FREQUENT trails on Radio 4 are reminding listeners to the Daily Service, the long-running weekday act of worship, that they will no longer be able to do so on Long Wave radio after the end of March, when the platform will close.

The BBC announced its decision in 2022, and confirmed it last May. The service will move to Radio 4 Extra via DAB radio, and continue to be available online and on BBC Sounds, along with the Shipping Forecast, the longer version of Yesterday in Parliament, and Test Match Special.

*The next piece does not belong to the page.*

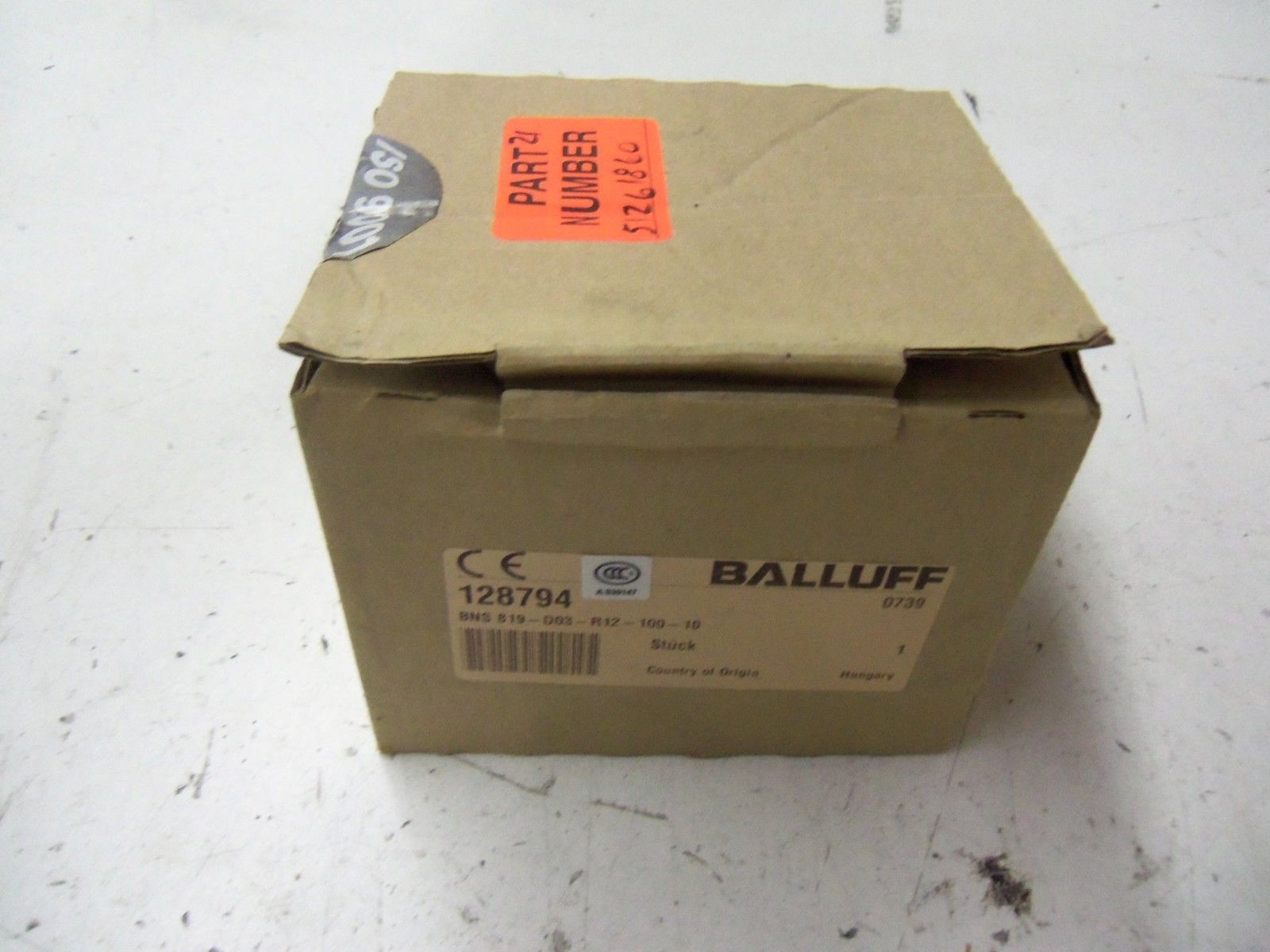 BALLUFF BNS-819-D03-R12-100-10 *NEW IN BOX*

Sir John Reith agreed to the broadcast service’s inception in 1928 after a campaign by Kathleen Cordeaux for a daily “evensong of the air”. It has variously been studio-based and church-based, first in All Souls’, Langham Place, and later in Emmanuel Church, Didsbury, when the Religious Broadcasting department moved to Manchester in 1993.

It was confined to Long Wave in the 1990s, to enable Radio 4 FM to carry a 15-minute serial reading in the parallel slot. The programme celebrated its 80th anniversary in 2008, when a piece in the Church Times forecast: “It may yet make its centenary” (News, 4 January 2008).

Long Wave is owned and operated by a third party, Arqiva, and is described by the BBC as “coming to the end of its life as a technology”. Only a handful of platforms remain around the world: in Romania, Poland, Algeria, Morocco, and Mongolia.

Arqiva has described the technology as energy-intensive, and said that significant further investment would be required to continue it. Radio fans are reported to like the lack of high-fidelity, and many expats reportedly still use Long Wave signals to connect with home.

The BBC has long pointed to the increased popularity of digital listening over the past decade, and listeners’ growing familiarity with gaining access to content elsewhere on the BBC. The BBC did not provide listening figures, a spokesperson said on Tuesday, but described the number of people still choosing to listen on Long Wave as “incredibly small”.

It reiterated: “No programmes will be lost, and the BBC has been running a targeted information campaign to ensure listeners know how they can hear their favourite Radio 4 LW programmes elsewhere on the BBC.

“We always work closely with organisations that support vulnerable audiences around the time of any platform closure, ensuring that we migrate listeners to our other platforms in a timely and sensitive manner.”

But a longstanding listener to the Daily Service described the decision as “outrageous”. The Revd Angela Robinson, a retired teacher and Congregational minister, described the quality of the content as “still extraordinarily high”, and decried taking the programme off Long Wave.

“Those who want to hear it must now be capable of setting an alarm to remind them to switch over, which surely makes problems for many of all age groups, particularly those who cannot do this without assistance, like the sick and the frail elderly, for whom this is physically challenging,” she said.

Alternative ways of listening, on smartphones and laptops, might not be viable for many of these, especially those in care and “anxious not to make a fuss. Some churches have made a noble effort to take Christian worship into care homes, but what a tiny contribution that is, compared with getting a 15-minute act of worship back on to accessible radio for all.”